By Jim DuFresne JOURNAL NEWS SERVICE     

June 29, 2003

'Everybody who comes here is staying here. There is almost nobody passing through (during the summer) because we're at the end of the road. ' Chris Sarver, owner of the Lake Superior Brewing Company

  The temperature is in the Upper 70's,the sky is deep blue, the sand is warm, Lake Superior is cold and still.

 It's mid-afternoon, and I'm the only one on this beautiful beach in the heart of this scenic Upper Peninsula town.

Grand Marais the get-a-way.

 Located at the eastern end of Pictured Rocks National Lakeshore, Grand Marais hums during the winter, when thousands of snowmobiles arrive to enjoy deep snow and well-groomed trails.

 But that isn't the case in the summer. The season is short and throngs of tourists are a rarity because Grand  Marais isn't on the way to anything.

 "During the summer, Grand Marais comes alive in July, but that's July, not June, and it's over by mid August," said Chris Sarver, owner of the Lake Superior Brewing Company, a brew-pub in town.
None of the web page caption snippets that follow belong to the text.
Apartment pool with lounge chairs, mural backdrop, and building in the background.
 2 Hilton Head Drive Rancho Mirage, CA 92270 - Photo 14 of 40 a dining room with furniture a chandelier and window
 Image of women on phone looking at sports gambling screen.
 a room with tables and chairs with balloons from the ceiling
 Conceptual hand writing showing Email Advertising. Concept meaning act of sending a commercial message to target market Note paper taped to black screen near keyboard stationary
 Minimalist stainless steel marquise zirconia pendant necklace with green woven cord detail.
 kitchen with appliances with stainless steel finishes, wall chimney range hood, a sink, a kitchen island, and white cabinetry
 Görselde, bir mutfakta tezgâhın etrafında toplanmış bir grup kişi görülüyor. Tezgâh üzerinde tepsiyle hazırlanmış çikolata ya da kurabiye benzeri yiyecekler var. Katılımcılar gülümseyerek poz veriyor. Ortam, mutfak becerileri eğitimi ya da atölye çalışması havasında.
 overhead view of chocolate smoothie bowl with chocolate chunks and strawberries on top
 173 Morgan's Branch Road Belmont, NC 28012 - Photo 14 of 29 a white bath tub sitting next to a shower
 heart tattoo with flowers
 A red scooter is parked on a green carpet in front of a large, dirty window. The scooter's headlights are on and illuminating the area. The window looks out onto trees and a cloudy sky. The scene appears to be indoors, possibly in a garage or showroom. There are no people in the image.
"Everybody who comes here is staying here," Sarver added. "There is almost nobody passing through (during the summer) because we're at the end of the road." Well, at the end of a paved road anyhow.

County Road H-58 passes through Grand Marais from east to west, but head in either direction and you're headed for a slow, bumpy drive along a rough dirt road.

 The Alger County Road Commission is slowly paving H -58 west to Munising and this summer has closed the road from Log Slide Road to Grand Sable Lake Overlook to pave a 3.5-mile section.

         Now Grand Marais is more isolated than ever.

 Is there a better reason to take the 50 mile trip fron Seney?

 Yes, for the scenery.

 "This is an absolutely beautiful area, no matter what season it is," said Ronnie Wissinger of the Grand Marais Maritime Museum.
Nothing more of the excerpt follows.